(Stored items from a collection)

BEGIN

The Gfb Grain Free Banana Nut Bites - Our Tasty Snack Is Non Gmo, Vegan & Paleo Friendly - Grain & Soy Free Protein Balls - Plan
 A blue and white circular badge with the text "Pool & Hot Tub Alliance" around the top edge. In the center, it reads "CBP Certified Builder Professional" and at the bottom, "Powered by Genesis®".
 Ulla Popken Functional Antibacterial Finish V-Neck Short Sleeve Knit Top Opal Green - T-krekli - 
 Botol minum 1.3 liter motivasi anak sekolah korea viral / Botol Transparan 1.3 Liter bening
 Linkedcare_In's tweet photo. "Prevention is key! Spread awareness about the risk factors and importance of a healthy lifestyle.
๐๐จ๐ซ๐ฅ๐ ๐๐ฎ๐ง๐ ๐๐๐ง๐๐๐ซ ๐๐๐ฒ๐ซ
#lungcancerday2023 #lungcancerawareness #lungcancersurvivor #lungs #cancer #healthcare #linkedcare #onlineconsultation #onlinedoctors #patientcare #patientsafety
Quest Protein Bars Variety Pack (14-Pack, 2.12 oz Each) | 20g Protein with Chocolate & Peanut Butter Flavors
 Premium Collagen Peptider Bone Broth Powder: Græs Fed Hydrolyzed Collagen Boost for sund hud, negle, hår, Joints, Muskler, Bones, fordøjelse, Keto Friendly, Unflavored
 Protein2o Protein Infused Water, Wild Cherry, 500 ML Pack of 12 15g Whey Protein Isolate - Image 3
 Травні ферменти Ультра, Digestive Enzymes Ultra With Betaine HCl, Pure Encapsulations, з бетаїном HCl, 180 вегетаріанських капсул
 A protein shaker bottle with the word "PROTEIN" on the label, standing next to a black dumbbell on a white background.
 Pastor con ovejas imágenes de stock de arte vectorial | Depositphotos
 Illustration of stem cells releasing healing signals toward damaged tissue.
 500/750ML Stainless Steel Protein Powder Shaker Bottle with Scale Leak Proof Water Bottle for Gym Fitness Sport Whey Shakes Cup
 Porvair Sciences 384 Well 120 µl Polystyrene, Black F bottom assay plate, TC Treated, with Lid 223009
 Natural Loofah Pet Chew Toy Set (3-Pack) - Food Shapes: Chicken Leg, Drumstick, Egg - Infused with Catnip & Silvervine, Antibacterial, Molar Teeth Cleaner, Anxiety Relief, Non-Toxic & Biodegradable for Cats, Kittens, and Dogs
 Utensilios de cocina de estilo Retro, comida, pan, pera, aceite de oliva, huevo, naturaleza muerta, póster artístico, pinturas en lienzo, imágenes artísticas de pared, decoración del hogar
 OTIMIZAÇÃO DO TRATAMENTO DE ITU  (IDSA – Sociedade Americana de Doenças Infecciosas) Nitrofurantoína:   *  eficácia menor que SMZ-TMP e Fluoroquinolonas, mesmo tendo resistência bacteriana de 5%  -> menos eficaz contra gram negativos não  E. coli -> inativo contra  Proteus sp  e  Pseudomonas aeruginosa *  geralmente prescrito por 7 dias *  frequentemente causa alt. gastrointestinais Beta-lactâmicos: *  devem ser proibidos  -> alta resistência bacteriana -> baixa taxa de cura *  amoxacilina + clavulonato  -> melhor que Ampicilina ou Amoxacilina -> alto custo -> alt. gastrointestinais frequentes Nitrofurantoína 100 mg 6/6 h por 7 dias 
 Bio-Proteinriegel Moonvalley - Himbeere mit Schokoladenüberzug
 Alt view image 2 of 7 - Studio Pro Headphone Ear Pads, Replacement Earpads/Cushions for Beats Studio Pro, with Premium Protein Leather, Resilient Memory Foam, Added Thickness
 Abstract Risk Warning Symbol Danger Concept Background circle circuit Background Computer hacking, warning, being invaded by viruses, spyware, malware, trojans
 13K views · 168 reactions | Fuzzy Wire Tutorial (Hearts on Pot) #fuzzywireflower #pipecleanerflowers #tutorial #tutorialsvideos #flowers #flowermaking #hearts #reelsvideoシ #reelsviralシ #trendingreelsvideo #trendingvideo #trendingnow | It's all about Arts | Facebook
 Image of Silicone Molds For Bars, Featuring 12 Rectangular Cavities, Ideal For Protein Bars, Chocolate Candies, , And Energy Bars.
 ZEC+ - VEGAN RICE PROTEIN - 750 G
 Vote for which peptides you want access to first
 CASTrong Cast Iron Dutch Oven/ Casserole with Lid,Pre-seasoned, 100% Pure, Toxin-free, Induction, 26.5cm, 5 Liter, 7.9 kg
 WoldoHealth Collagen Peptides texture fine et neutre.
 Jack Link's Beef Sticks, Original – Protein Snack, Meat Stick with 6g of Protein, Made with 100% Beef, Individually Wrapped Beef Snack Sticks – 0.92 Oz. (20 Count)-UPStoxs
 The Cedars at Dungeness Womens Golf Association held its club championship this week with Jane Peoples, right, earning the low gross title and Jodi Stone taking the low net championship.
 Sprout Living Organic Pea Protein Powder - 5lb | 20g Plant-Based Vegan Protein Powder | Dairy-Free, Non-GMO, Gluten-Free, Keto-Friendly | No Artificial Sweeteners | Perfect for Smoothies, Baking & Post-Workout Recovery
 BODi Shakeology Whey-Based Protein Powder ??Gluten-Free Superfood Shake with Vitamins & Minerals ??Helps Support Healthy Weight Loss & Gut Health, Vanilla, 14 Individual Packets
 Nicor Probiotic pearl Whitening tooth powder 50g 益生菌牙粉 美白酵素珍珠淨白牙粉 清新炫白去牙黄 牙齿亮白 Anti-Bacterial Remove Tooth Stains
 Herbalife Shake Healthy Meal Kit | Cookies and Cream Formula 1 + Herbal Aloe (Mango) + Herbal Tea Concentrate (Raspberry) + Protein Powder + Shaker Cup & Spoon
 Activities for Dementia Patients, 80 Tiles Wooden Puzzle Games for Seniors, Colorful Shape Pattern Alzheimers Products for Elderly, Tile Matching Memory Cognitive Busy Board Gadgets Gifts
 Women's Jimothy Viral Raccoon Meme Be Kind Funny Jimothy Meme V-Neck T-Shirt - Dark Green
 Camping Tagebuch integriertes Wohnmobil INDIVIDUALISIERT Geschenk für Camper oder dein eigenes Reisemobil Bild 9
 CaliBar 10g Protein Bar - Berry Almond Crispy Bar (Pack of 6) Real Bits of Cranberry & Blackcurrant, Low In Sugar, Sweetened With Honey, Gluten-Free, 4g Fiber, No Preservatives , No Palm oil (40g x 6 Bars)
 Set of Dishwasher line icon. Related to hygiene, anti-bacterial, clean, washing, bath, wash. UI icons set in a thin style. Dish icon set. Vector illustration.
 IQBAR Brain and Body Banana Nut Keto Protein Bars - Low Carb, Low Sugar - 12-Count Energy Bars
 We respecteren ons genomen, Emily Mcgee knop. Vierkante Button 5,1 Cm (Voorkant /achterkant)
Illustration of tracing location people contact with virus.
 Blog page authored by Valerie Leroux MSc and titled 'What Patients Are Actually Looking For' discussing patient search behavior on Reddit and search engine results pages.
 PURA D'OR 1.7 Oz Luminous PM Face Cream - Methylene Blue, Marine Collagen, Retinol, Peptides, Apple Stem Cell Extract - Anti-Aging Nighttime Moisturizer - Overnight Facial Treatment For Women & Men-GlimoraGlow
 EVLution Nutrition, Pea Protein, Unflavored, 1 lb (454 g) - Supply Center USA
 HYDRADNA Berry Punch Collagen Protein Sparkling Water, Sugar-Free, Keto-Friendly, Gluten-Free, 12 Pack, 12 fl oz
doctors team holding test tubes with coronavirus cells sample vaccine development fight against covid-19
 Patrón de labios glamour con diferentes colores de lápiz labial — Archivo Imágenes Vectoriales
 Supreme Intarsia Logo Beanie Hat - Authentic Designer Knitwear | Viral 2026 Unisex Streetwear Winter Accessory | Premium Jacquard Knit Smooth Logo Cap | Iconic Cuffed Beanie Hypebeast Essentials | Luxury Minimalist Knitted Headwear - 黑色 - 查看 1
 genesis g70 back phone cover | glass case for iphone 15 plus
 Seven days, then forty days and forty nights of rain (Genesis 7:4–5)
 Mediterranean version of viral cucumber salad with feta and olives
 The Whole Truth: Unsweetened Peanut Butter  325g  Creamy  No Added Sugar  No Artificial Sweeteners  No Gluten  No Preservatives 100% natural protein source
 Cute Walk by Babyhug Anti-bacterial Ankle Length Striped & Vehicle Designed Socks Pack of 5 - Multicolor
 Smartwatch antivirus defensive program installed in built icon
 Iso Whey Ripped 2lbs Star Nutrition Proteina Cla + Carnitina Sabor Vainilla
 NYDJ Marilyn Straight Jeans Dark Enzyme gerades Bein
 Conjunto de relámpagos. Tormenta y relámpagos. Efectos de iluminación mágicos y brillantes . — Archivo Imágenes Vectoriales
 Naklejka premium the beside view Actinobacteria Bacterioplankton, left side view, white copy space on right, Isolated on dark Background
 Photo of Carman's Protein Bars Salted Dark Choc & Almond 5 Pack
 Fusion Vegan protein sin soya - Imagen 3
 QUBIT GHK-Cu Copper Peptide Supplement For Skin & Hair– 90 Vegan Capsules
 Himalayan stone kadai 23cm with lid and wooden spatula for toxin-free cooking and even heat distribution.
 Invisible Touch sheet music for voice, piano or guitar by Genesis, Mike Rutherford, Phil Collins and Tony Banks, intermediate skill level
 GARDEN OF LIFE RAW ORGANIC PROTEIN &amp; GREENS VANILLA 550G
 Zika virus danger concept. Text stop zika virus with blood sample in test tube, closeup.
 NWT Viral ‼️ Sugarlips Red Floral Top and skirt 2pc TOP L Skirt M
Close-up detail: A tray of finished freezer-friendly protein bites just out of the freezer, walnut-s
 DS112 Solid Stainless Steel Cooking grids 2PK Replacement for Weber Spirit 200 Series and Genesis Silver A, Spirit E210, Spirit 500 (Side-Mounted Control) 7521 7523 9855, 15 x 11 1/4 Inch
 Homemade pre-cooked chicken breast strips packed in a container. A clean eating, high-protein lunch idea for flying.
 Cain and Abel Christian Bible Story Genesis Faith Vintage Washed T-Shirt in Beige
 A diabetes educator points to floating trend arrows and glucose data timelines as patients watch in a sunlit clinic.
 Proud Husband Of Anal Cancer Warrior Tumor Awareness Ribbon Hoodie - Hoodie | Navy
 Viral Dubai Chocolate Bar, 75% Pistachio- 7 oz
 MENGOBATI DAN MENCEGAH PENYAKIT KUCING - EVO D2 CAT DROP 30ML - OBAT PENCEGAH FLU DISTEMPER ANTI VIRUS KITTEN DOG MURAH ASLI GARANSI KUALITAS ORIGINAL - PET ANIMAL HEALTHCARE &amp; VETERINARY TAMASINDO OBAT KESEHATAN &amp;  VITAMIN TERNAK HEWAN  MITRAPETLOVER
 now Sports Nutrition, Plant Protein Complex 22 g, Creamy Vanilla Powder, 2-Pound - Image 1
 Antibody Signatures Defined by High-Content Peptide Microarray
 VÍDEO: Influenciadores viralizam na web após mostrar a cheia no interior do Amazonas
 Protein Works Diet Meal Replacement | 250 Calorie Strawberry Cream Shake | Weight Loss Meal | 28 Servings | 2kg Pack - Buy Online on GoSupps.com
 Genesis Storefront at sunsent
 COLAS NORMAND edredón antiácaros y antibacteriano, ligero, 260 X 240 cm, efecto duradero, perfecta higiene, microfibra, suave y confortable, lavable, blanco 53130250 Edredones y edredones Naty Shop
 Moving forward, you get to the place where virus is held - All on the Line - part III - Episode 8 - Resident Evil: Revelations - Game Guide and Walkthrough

END

## Assignment
Copy the lines that hold the word "Replacement". Take them from the records above.

## Answer for this exercise
 Alt view image 2 of 7 - Studio Pro Headphone Ear Pads, Replacement Earpads/Cushions for Beats Studio Pro, with Premium Protein Leather, Resilient Memory Foam, Added Thickness
 DS112 Solid Stainless Steel Cooking grids 2PK Replacement for Weber Spirit 200 Series and Genesis Silver A, Spirit E210, Spirit 500 (Side-Mounted Control) 7521 7523 9855, 15 x 11 1/4 Inch
 Protein Works Diet Meal Replacement | 250 Calorie Strawberry Cream Shake | Weight Loss Meal | 28 Servings | 2kg Pack - Buy Online on GoSupps.com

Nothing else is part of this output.